SASTの側面について論じる際、CERT(Computer Emergency Response Team)のセキュアコーディング標準とCWE(Common Weakness Enumeration)は、セキュアなコードを作成するための重要な要素です。これらのフレームワークは、開発者にコードを脆弱性から守るためのツールを提供します。
カーネギーメロン大学のCERTコーディネーション・センターは、CERTセキュア・コーディング・スタンダードを開発しました。これらのガイドラインは、一般的なセキュリティ上の欠陥を防ぐのに役立ち、さまざまなプログラミング言語や入力検証、メモリ管理、エラー処理などの分野をカバーしています。これらの標準に最初から従うことで、安全なコードの開発が確実になります。

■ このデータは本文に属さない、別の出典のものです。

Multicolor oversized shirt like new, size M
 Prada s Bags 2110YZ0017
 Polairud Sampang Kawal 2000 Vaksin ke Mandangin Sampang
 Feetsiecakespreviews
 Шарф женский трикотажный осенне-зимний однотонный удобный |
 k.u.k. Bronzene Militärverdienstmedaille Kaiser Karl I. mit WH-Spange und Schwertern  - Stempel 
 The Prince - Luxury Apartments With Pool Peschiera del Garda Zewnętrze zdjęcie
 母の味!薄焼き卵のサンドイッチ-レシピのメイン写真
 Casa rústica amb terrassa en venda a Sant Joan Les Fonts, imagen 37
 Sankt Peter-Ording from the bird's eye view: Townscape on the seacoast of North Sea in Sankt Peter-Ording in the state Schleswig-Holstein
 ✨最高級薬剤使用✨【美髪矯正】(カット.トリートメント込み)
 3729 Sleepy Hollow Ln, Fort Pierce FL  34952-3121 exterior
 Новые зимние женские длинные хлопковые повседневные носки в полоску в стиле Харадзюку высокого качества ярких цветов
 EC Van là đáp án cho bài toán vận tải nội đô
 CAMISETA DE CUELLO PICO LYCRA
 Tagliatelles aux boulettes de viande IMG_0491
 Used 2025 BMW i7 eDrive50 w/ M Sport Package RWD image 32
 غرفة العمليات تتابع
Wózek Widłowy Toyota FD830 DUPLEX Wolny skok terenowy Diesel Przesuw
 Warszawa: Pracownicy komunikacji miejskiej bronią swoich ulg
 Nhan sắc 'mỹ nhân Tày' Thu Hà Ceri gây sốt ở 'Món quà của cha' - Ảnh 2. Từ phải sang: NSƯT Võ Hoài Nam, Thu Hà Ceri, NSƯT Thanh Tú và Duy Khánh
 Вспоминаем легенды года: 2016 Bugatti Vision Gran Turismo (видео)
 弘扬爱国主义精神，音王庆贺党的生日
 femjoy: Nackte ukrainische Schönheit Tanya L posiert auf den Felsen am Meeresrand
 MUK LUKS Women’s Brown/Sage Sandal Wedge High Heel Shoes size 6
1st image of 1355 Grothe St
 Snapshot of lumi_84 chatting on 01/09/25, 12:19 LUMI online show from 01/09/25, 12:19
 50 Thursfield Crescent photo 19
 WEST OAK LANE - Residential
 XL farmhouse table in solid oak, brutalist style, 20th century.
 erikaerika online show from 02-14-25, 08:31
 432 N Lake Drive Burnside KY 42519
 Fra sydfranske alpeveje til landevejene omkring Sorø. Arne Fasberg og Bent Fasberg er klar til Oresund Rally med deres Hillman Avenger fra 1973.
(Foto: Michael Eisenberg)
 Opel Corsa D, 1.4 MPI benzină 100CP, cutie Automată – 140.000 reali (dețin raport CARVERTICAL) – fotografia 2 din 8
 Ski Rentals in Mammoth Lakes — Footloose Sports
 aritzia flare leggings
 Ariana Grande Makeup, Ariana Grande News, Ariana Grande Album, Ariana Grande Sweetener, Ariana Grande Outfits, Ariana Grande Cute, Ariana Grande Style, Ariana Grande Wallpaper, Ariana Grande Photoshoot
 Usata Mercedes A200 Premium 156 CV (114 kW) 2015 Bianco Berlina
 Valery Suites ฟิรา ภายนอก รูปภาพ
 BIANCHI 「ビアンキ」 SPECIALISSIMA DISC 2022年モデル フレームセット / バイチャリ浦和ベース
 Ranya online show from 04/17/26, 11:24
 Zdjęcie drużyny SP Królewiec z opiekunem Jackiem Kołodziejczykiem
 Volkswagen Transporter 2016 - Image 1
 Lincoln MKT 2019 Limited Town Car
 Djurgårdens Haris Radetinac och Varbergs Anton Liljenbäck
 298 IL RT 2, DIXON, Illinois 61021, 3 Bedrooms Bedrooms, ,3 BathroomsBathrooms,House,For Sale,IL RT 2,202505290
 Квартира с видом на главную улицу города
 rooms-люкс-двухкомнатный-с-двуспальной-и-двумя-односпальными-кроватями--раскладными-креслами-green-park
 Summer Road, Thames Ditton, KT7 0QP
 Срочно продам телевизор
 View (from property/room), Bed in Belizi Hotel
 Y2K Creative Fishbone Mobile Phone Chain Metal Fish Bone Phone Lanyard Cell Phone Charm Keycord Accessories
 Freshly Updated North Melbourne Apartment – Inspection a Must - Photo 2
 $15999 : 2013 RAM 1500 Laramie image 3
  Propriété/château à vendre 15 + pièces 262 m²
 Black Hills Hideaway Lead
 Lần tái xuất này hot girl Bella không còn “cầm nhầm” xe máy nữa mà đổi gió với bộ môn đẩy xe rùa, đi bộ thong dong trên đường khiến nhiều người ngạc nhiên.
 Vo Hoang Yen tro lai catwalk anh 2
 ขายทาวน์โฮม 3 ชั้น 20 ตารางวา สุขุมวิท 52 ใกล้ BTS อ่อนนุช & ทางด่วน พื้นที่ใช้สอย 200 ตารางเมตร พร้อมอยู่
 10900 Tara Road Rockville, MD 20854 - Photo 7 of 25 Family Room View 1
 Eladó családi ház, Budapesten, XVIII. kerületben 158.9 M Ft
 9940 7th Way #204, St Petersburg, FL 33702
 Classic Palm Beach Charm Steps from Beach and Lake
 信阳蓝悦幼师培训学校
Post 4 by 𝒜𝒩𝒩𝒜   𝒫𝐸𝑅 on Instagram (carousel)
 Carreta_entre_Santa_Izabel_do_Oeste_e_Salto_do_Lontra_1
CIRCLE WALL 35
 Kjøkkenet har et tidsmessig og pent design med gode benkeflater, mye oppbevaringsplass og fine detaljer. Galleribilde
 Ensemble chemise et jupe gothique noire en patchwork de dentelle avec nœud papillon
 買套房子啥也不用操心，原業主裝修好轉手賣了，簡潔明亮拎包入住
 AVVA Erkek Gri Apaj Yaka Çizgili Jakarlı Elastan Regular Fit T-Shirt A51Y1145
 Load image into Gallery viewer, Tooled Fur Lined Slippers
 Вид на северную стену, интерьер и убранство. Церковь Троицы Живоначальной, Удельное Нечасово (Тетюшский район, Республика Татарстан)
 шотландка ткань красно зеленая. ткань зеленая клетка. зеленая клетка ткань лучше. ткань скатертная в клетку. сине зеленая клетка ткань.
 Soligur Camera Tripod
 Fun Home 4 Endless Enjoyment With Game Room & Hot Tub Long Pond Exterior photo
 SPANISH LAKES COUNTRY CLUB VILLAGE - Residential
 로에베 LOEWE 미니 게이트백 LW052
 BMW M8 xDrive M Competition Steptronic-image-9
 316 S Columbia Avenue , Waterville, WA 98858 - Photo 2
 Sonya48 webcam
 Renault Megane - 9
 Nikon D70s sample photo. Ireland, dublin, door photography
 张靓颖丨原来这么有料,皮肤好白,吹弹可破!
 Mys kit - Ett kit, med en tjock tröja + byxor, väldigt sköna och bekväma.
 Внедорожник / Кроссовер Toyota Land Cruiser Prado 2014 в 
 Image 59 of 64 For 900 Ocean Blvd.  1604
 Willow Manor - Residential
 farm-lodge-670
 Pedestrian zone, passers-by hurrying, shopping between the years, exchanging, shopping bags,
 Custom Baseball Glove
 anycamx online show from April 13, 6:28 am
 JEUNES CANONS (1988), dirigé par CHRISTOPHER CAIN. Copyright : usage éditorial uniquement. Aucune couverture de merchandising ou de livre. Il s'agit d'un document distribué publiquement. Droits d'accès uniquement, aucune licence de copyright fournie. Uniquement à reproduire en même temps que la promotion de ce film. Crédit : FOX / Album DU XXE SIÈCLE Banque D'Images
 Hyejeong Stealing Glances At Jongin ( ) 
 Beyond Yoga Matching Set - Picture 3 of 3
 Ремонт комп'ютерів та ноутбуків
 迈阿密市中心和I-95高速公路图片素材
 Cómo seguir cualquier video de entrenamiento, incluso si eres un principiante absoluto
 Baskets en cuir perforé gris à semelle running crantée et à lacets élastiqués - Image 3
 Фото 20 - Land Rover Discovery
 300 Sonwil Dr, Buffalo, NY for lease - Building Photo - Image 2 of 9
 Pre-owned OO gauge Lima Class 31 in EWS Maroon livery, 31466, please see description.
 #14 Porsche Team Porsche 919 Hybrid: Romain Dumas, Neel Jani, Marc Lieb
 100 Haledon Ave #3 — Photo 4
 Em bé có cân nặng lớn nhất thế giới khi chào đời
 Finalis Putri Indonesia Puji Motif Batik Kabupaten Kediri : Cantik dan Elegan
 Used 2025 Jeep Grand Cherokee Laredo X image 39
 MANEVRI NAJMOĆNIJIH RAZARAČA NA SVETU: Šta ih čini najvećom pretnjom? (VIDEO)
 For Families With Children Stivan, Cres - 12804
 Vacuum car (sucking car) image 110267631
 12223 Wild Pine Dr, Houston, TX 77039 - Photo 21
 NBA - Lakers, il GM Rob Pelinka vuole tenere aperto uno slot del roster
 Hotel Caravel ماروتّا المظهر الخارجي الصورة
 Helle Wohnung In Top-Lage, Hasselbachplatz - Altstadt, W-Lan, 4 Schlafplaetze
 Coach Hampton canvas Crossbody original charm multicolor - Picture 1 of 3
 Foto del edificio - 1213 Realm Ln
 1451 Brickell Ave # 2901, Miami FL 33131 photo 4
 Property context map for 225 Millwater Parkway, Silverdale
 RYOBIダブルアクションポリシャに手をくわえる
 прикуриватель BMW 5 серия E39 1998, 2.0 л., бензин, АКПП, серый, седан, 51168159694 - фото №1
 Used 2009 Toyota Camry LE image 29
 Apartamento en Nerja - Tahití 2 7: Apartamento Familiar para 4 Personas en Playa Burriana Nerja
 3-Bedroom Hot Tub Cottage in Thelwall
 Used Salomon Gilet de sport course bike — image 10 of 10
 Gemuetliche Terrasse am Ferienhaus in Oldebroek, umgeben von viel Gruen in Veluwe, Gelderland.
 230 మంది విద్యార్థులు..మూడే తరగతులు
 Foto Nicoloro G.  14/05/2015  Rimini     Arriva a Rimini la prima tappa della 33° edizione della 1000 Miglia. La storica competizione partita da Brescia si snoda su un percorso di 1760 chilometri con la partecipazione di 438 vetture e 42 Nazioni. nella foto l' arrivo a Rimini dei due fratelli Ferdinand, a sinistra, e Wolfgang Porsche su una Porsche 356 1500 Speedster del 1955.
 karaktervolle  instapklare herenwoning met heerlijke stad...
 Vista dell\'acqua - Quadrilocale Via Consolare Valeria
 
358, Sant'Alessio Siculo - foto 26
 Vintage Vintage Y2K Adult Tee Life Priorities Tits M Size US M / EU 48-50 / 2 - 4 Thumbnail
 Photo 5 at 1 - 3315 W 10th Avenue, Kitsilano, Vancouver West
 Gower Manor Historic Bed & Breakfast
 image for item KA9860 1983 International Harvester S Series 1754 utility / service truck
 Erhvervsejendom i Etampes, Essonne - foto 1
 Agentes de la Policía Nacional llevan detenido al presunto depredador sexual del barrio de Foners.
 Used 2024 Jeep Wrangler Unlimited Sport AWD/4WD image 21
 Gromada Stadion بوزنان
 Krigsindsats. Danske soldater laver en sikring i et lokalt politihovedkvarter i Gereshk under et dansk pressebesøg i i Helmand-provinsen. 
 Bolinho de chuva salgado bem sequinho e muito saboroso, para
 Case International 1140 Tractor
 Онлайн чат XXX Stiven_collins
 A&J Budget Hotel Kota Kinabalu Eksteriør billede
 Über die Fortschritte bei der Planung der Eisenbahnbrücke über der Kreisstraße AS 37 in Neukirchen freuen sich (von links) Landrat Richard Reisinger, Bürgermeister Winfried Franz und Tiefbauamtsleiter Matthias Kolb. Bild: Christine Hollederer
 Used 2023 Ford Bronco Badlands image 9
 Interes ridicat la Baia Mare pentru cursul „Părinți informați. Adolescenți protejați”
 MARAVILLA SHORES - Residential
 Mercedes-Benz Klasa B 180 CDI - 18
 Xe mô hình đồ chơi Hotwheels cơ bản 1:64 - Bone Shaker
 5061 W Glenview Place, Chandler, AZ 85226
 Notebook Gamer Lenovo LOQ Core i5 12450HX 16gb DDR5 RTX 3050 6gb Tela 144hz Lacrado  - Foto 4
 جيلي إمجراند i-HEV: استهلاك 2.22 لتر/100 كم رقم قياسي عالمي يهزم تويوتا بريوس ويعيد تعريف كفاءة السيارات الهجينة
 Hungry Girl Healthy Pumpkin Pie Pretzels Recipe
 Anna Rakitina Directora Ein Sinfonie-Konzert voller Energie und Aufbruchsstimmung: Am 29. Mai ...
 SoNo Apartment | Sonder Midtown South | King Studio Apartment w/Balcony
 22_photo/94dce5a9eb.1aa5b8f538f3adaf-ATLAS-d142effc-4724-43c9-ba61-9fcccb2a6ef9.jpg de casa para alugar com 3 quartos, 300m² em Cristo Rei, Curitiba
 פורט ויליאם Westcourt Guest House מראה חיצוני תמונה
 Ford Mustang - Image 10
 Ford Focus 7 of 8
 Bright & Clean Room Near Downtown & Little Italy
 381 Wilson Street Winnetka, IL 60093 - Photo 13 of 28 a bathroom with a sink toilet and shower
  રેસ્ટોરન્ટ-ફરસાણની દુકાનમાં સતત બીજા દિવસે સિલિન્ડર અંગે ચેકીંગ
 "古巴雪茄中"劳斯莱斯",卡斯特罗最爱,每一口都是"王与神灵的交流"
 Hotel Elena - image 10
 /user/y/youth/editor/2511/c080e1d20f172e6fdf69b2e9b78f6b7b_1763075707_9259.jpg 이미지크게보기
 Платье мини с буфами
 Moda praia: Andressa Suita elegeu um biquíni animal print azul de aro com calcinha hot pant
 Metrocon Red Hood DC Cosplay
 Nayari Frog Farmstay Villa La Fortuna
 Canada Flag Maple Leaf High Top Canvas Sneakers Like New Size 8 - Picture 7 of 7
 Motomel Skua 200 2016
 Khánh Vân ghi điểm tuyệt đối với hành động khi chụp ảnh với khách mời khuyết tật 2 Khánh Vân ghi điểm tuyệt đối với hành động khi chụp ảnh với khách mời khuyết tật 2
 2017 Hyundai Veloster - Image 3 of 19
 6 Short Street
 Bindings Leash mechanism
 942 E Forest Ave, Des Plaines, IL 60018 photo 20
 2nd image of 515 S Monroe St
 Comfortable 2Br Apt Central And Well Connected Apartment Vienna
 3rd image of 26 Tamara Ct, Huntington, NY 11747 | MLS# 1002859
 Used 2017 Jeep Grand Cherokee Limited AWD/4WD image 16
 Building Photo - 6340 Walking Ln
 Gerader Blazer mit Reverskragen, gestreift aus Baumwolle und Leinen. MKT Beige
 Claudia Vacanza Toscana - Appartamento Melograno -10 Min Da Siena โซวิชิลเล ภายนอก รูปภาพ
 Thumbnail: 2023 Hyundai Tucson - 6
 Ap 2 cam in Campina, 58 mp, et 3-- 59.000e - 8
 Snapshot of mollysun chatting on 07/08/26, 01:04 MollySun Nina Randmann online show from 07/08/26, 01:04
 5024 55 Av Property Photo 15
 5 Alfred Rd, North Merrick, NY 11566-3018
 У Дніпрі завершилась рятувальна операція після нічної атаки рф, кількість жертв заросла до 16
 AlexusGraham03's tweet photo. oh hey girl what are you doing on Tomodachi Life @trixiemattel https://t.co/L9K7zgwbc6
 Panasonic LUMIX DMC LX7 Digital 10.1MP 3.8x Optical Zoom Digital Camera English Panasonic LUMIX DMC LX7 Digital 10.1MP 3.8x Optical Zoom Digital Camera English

一方、CWEはソフトウェアコミュニティによって開発された、既知のソフトウェアの弱点と脆弱性の包括的なリストです。これにより、ソフトウェア開発者はコード内の潜在的な弱点を特定・理解し、適切な緩和策を講じることができます。
CERTが安全なコーディングのための事前対策を提供する一方で、CWEは開発中に脆弱性を特定し、対処するための参考資料となります。SASTのこれらの側面は共に、堅牢で安全なソフトウェア・アプリケーションの作成に貢献します。
世界的に認知されたルールセットとして、CERTとCWEは安全なコーディングのためのガイドラインを提供しています。これらのガイドラインの目的は、ソフトウェアアプリケーションにおける一般的な脆弱性や弱点を特定し、修正することです。しかし、SASTのこれらの重要な側面があっても、さらなるアーキテクチャ検証の必要性がなくなるわけではありません。
CERTとCWEは、一般的な脆弱性に対する具体的なルールと推奨事項を提供し、セキュリティ問題を広範にカバーしています。しかし、新たな脆弱性が出現し続ける中、これらのルールセットが包括的な解決策を提供しない可能性もあります。さらに、これらのルールは、個々のソフトウェア・アプリケーションに固有のアーキテクチャの側面や潜在的な設計上の欠陥を考慮していません。
そこで、手作業によるアーキテクチャ検証と自動化されたアーキテクチャ検証が必要となります。アーキテクチャ検証では、ソフトウェアアプリケーションの全体的な設計と構造を精査します。潜在的な攻撃に対抗できる堅牢なアーキテクチャを確保するために、アプリケーション内の相互依存関係、データフロー、および相互作用パターンを調べます。
アーキテクチャ検証は、ソースコードが検証されたアーキテクチャに準拠していることを保証するため、アーキテクチャ検証チェックを補完します。この自動化されたチェックにより、開発者の貴重な時間が、アーキテクチャへの適合性を確認するコードの手作業によるレビューから解放されます。この時間を、スレッド・モデリングやアーキテクチャ検証など、人間が行うのが最適な活動に集中させることができます。
CERTとCWEからの洞察とアーキテクチャの検証を組み合わせることで、組織はセキュリティ態勢 (Security Posture) を強化することができます。この包括的なアプローチは、ルールセットの隙間をすり抜ける可能性のある脆弱性を特定し、開発者が潜在的なリスクに積極的に対処し、ソフトウェアアプリケーションの全体的なセキュリティを強化することを可能にします。